Because humans also make stupid random mistakes, and if your test suite and defensive practices don't catch it, the only difference is the rate of errors.
It may be that you've done the risk management, and deemed the risk acceptable (accepting the risk, in risk management terms) with human developers and that vibecoding changes the maths.
But that is still an admission that your test suite has gaping holes. If that's been allowed to happen consciously, recorded in your risk register, and you all understand the consequences, that can be entirely fine.
But the problem then isn't reflecting a problem with vibe coding, but a risk management choice you made to paper over test suite holes with an assumed level of human dilligence.
If the failure mode is invisible, that is a huge risk with human developers too.
Where vibecoding is a risk, it generally is a risk because it exposes a systemic risk that was always there but has so far been successfully hidden, and reveals failing risk management.
i agree, and its strange that this failure mode continually gets lumped onto AI. The whole point of longer term software engineering was to make it so that the context within a particular persons head should not impact the ability of a new employee to contribute to a codebase. turns out everything we do to make sure that is the case for a human also works for an agent.
As far as i can tell, the only reason AI agents currently fail is because they dont have access to the undocumented context inside of peoples heads and if we can just properly put that in text somehwere there will be no problems.
Even if the models stopped getting better today, we'd still see many years of improvements from improving harnesses and understanding of how to use them. Most people just talk to their agent, and don't e.g. use sub-agents to make the agent iterate and cross-check outcomes for example. Most people who use AI would see a drastic improvement in outcomes just by experimenting with the "/agents" command in Claude Code (and equivalent elsewhere). Much more so with a well thought out agent framework.
A simple plan -> task breakdown + test plan -> execute -> review -> revise (w/optional loops) pipeline of agents will drastically cut down on the amount of manual intervention needed, but most people jump straight to the execute step, and do that step manually, task by task while babysitting their agent.

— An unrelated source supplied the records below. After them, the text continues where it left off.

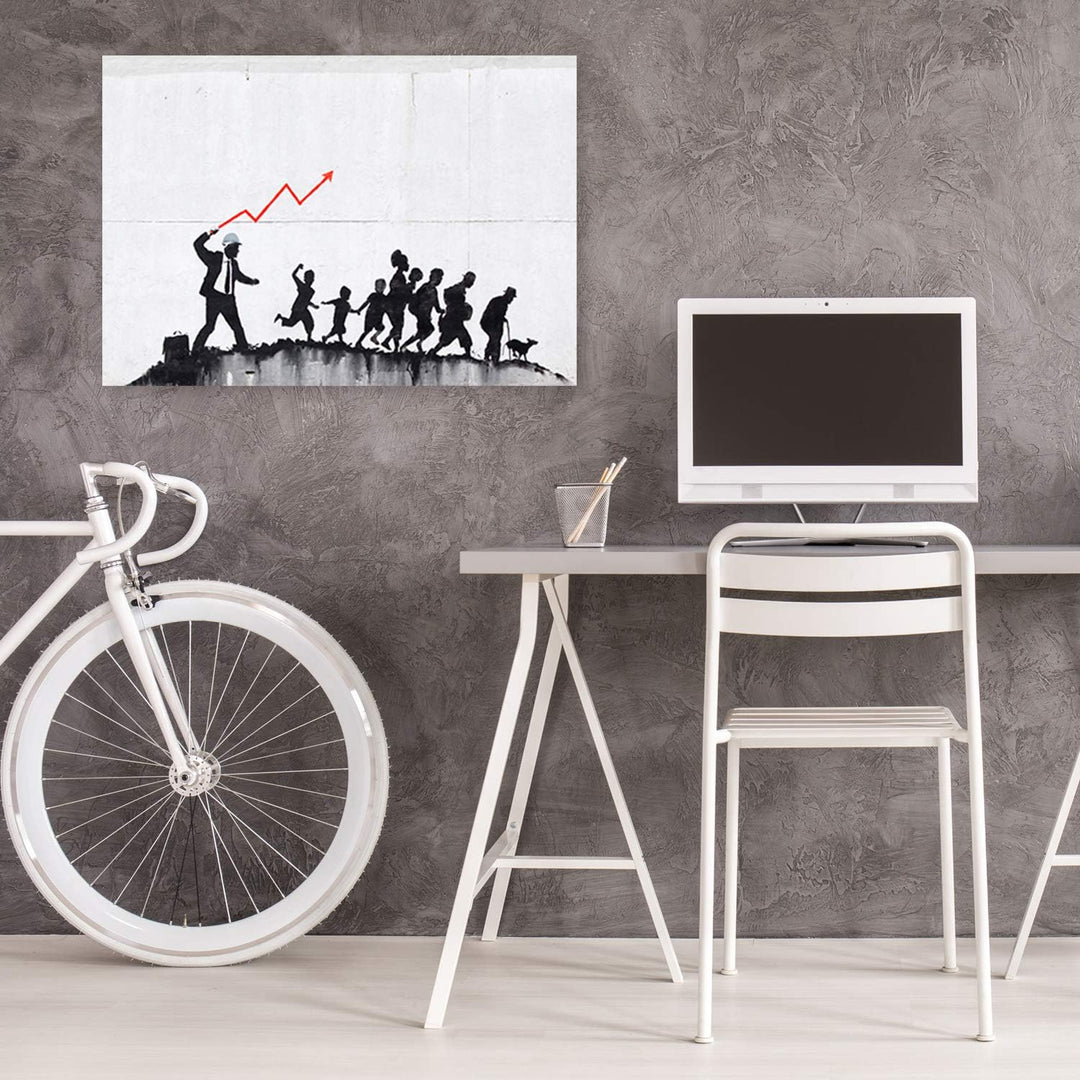 Feeby Leinwandbilder XXL Banksy - Economy - 90x60 cm - Bild auf Leinwand - Kunstdruck - Deko Wohnzim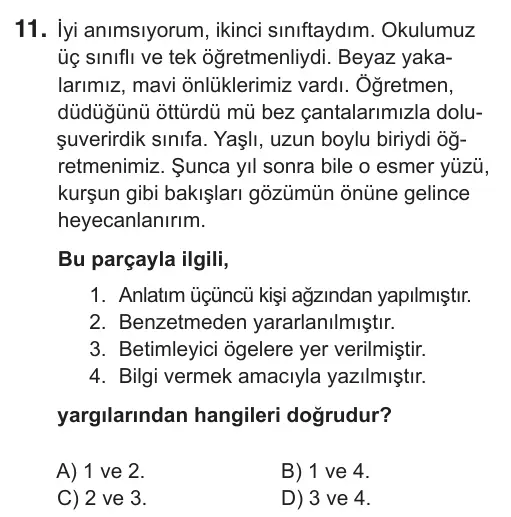 7. Sınıf Türkçe 2019 İOKBS Bursluluk Sınavı 11. Soru görseli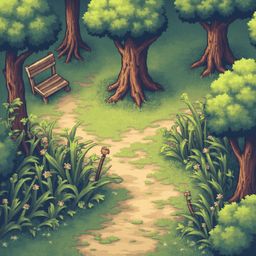 A winding dirt path leads through a lush green forest, flanked by tall trees and bushes, with a wooden bench on the left side.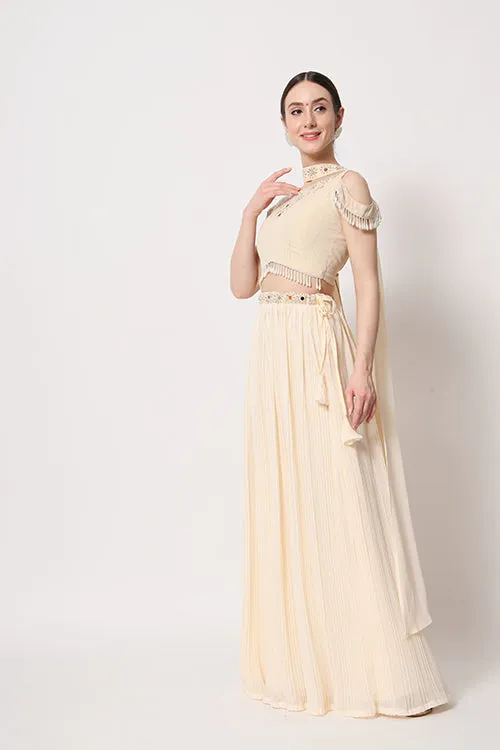 Beige Georgette Crush Pattern On Lehenga Choli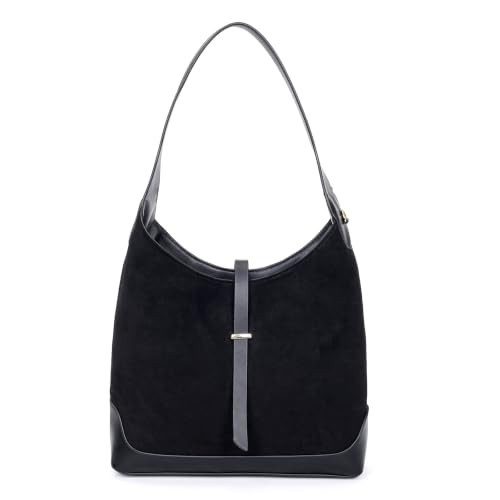 Black Herald slouchy suede hobo shoulder bag from Amazon, a Gucci Jackie bag alternative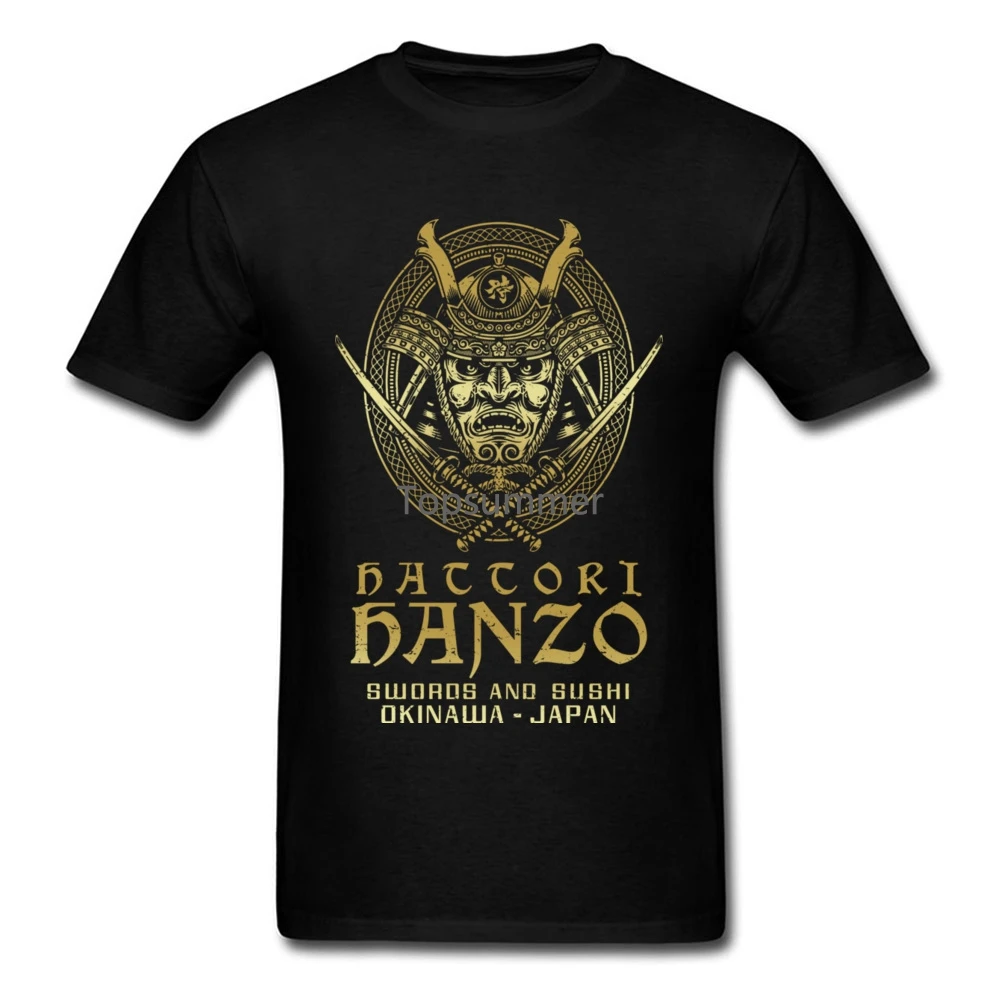 

Hattori Hanzo 2018 Men Cool Samurai T-Shirt Swords And Sushi Cartoon Design Punk T Shirt Okinawa Japan Chic Tops Tees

This is definitely the case. I have a project that while not wildly profitable yet, is producing real revenue, but that I will not give details of because the moat is so small. The main moat is that I know the potential is real, and hopefully not enough other people do, yet. I know it will disappear quickly, so I'm trying to make what I can of it while it's there. I may talk about it once the opportunity is gone.

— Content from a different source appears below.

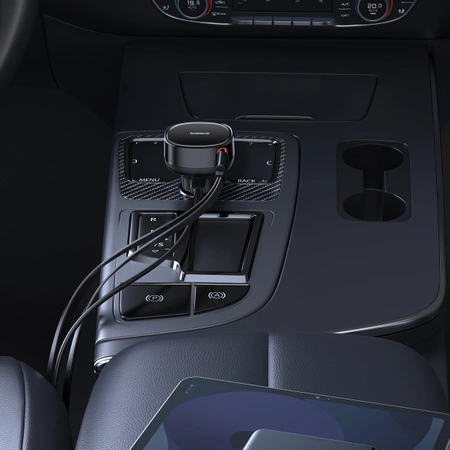 Baseus Enjoyment USB-C car charger with USB-C / Lightning 60W cable - black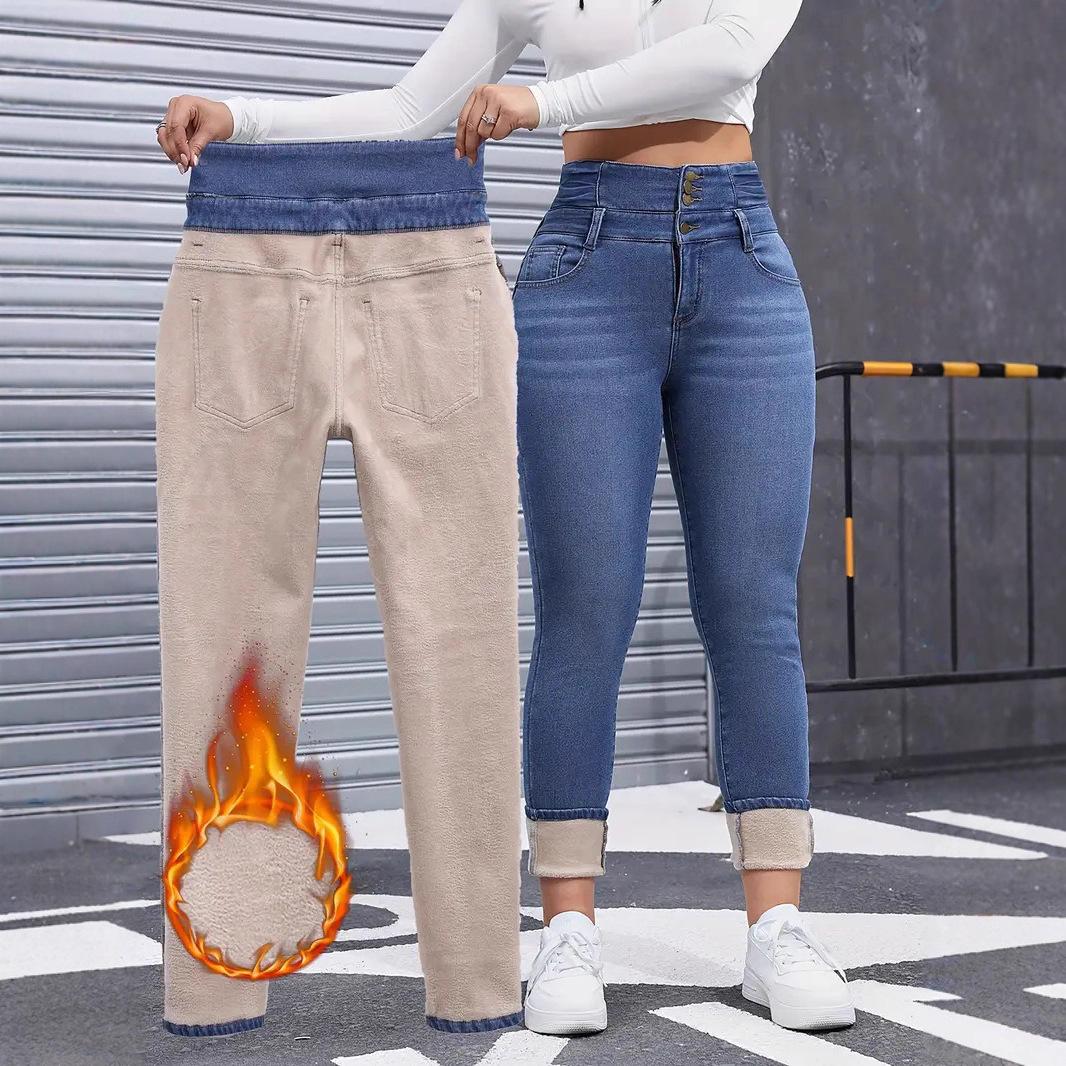 Cross-Border Fashion Versatile Women's Clothing Autumn and Winter New Style Fleece-Lined Women's Elastic Tight-Fitting Multi-Button Solid Color Jeans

It involves a whole raft of complex agents + code they've written, but that code and the agents were written by AI over a very short span of time. And as much as I'd like to stroke my own ego and assume it's one of a kind, realistically if I can do it, someone else can too.
Because very few knows how to use AI. I teach AI courses on the side. I've done auditing supervised fine tuning and RLHF projects for a major provider. From seeing real prompts, many specifically from people who work with agents every day, people do not yet have the faintest clue how to productively prompt AI. A lot of people prompt them in ways that are barely coherent.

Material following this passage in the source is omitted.